Re: Error after reboot next day, starting new jobs

Posted: Fri May 22, 2020 7:24 am
by bruce
I'd recomend when you go to bed, you do one of two things:
* Click on FINISH in the advanced Client It'll finish the active assignment, upload the results, and it WILL NOT download and start the next WU.
* Click on PAUSE in the advanced client. wait a minute or two for the active WU to switch to the pause condidion. Then shut down your computer normally.

Either way, when you start up your computer the next morning, the progress should still be associated with the WU.

Re: Error after reboot next day, starting new jobs

Posted: Fri May 22, 2020 7:52 am
by JimboPalmer
06:09:17:OpenCL Device 0: Platform:0 Device:0 Bus:1 Slot:0 Compute:1.1 Driver:388.13

It may not be your problem, but that is not the newest driver for your graphics card.

https://www.nvidia.com/en-us/drivers/results/132845/

Is the latest and last driver for that old a card.

https://www.techpowerup.com/gpu-specs/g ... 60-ti.c273

Re: Error after reboot next day, starting new jobs

Posted: Fri May 22, 2020 8:05 am
by PantherX
Welcome to the F@H Forum Sumsum,

Please note that this error:
ERROR:Guru Meditation

Is generally caused by corrupted checkpoints. That can happen due to few reasons; improper shutdown, anti-virus/anti-malware/anti-spyware/anti-ransomware, corrupted files, storage issues. In your case, you stated that the issue happens when turning off your system and then later turning it on. The reason is that sometime, the OS don't provide enough time for the data to be successfully flushed to the disk and verified before the OS stops the process. Thus, bruce's suggestion is a potential solution for you.

Re: Error after reboot next day, starting new jobs

Posted: Fri May 22, 2020 8:16 am
by Sumsum
Thank you all, I'll try that next time.

I wonder because of a newer Driver, autoupdate should have updated it. Anyway, I disabled GPU, as I felt, that it producing a lot of head while not performing very well. Heat means loudness and that's not optimal for Homeoffice. That was different some years ago when I used the PC for gaming with headset on ;-)

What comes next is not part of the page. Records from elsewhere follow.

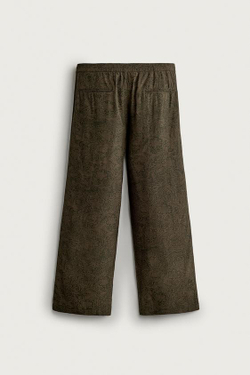 ZARA СТРУЯЩИЕСЯ БРЮКИ RELAXED FIT С ПРИНТОМ, ОТТЕНОК КОРИЧНЕВОГО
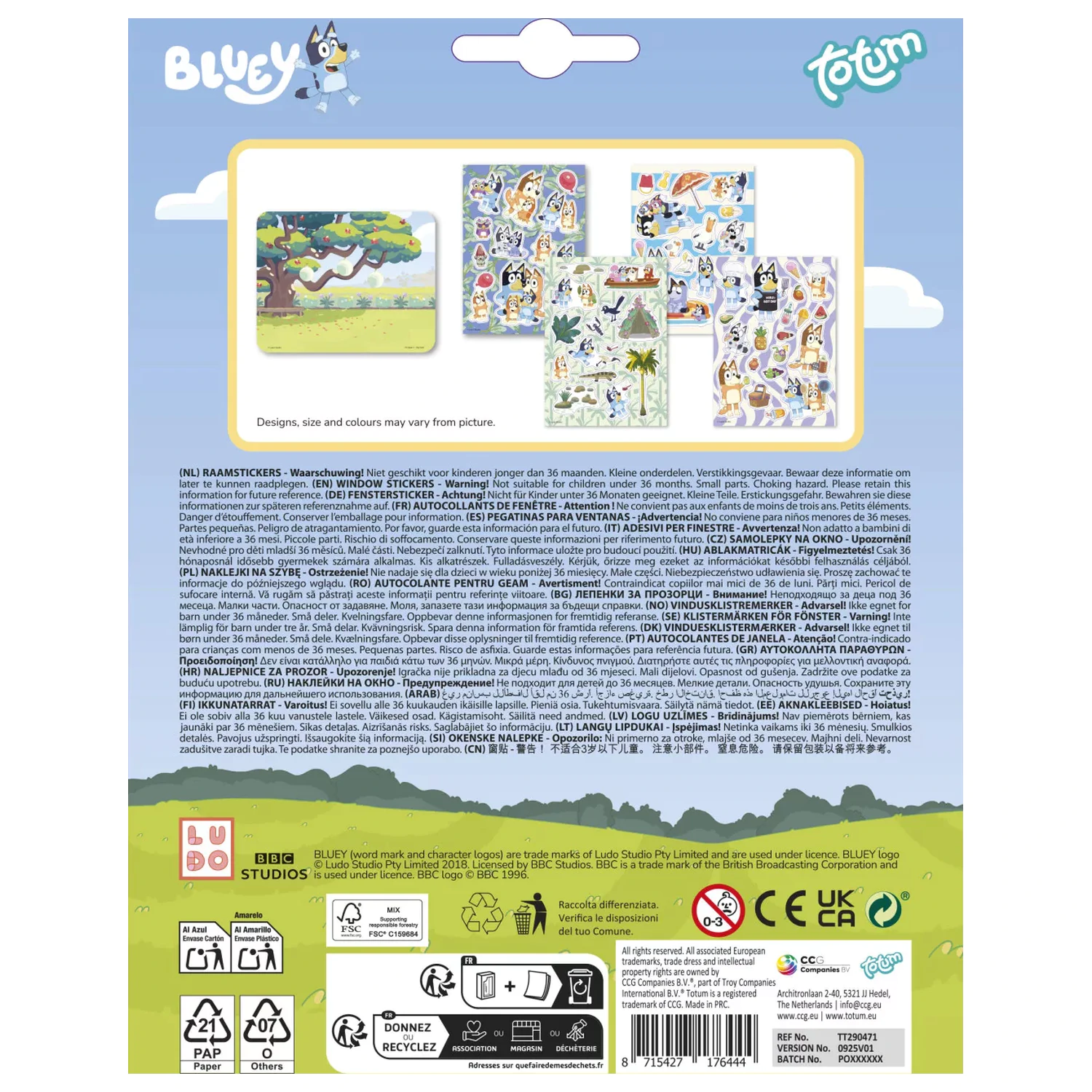 Bluey Ljetni set naljepnica za prozore fotografija proizvoda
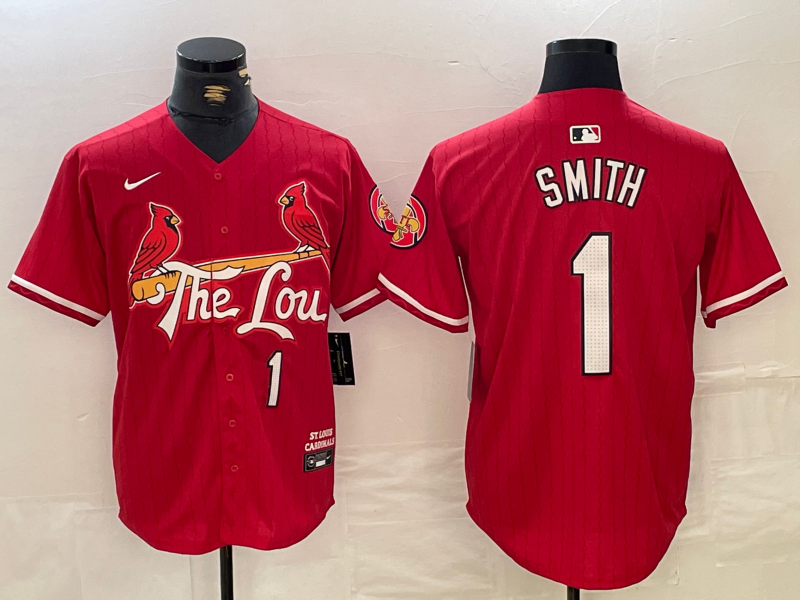 Men's St. Louis Cardinals Ozzie Smith #1 Red 2024 City Connect Limited Player Jersey1 baseball jersey product view 1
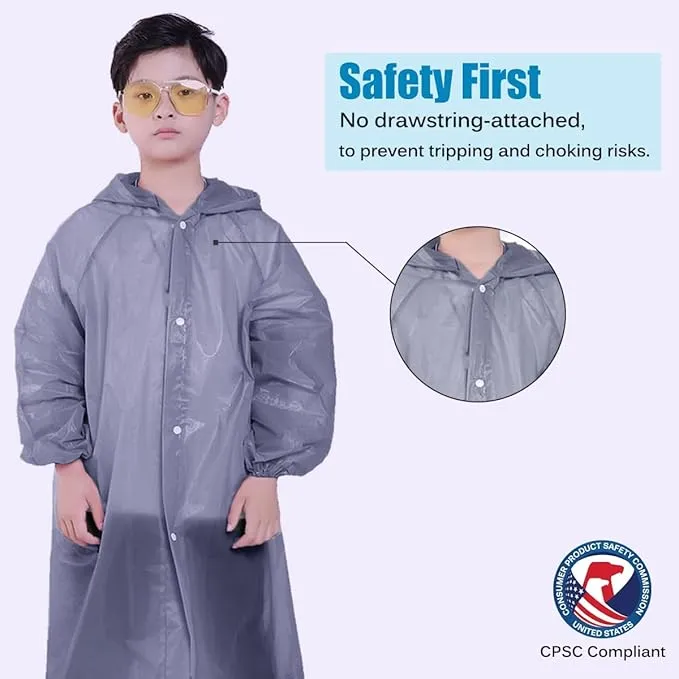 2 Pack Rain Ponchos for Kids, Reusable Kids Rain Jacket with Hood Waterproof Raincoats for Boys and Girls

Maybe I'll find a way to change shutdown-timeout, if not, I'll use the 'pause'-way, even if fire-and-forget was, what I really wanted.

Thx!

Re: Error after reboot next day, starting new jobs

Posted: Fri May 22, 2020 8:33 am
by NRT_AntiKytherA
I had that behaviour happen on Windows 10 a couple of times initially so always pause any folding before shutting down or restarting the machine now. In the evenings I tend to hit the Finish button in the Advanced GUI, then leave the machine on for at least 10 minutes after that says the slots are paused to let it clean up and cool down a bit before shutting the machine down.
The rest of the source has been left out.